A Pattern for Other Struggles

The evolution of the pro-life movement should guide other cultural struggles. For example, the recent acceptance of same-sex marriage by the Supreme Court in the Obergefell decision has been compared to Roe v. Wade. The effort to defend marriage as a unique union of one man and one woman would do well to remember this must be a mission to both effect legal change and to convert hearts and minds. Just as the abortion issue is just one aspect of a right and virtuous understanding of the dignity of the human person, opposition to same-sex marriage is just one aspect of the right and virtuous understanding of the inseparable unitive and procreative nature of marriage. The attacks on marriage began long before same-sex marriage was an issue. The defense of marriage must address all of these assaults with both truth and charity.

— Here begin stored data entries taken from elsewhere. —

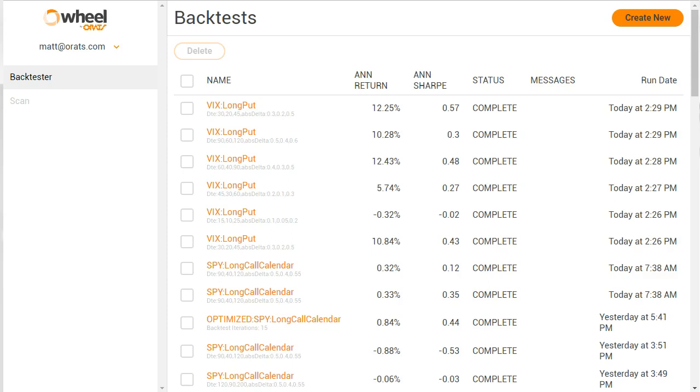Hey, this is Matt, and today I'm very excited to announce that we're launching our optimizer. Our optimizer is a feature of the back tester that lets you run and combine hundreds, if not thousands, if not millions of strategies.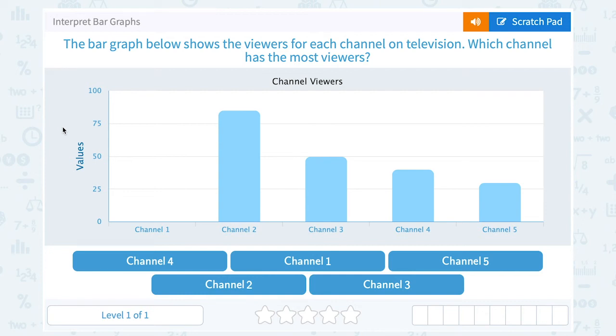How to interpret bar graphs. The bar graph below shows the viewers for each channel on television. Which channel has the most viewers?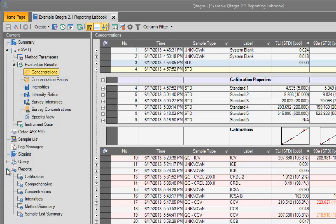A series of default report templates are included with QTEGRA. These cover the most basic requests and I will be using this labbook to generate a report using each of the supplied templates.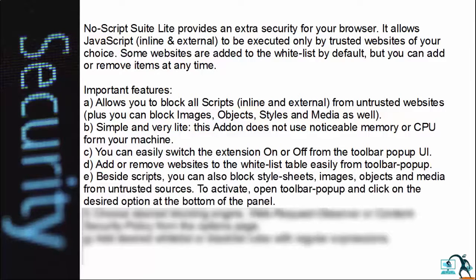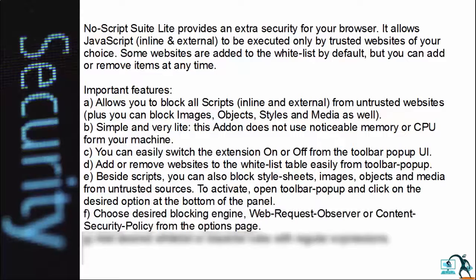Besides scripts, you can also block style sheets, images, objects, and media from untested sources. To activate, open the toolbar pop-up and click on the desired option at the bottom of the panel. Choose the desired blocking engine — web request observer or content security policy — from the options page.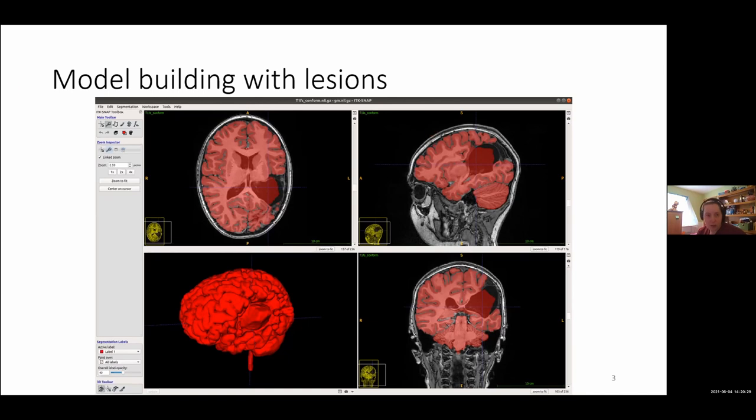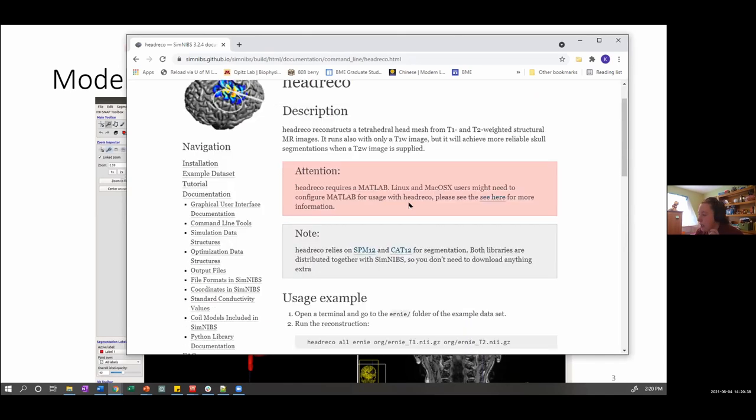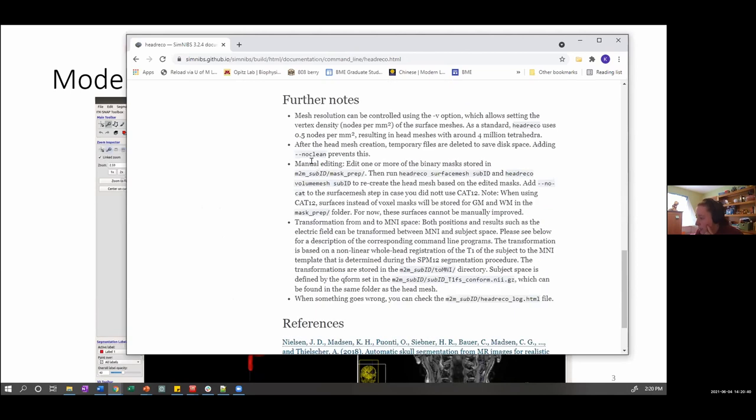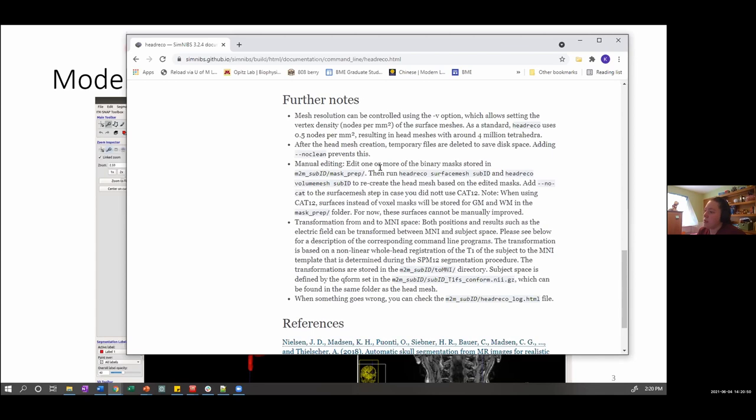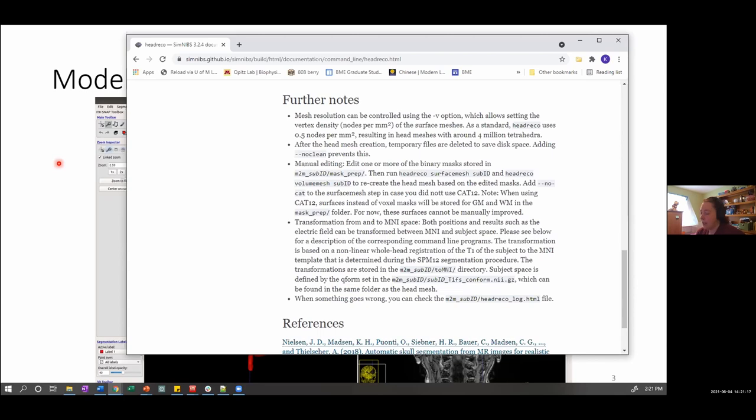When I ran this MRI through HEDRICO, this was the result. And clearly, this part should not be considered gray matter. And so that's why we need to do hand edits. At this point, HEDRICO does allow you to do manual editing. So you can run your MRIs through HEDRICO, and then you can edit your masks by hand, and then you can rerun HEDRICO from a later point using surface mesh and volume mesh to recreate the mesh. If you can get away with using this, I would highly recommend it.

I believe this is why Pope Francis has called on us to celebrate a Year of Mercy. Changing the culture requires us to engage the Spiritual Works of Mercy like admonishing the sinner and instructing the ignorant not as acts of political conquest but as acts of love. We must humbly seek to share the path to true human flourishing as commanded by Christ and preserved in the teachings of His Church. The strength of the pro-life movement is not its righteous anger or political influence. Rather, the pro-life movement has grown through love and mercy changing one heart at a time. All efforts to evangelize the culture in other matters should seek to do the same.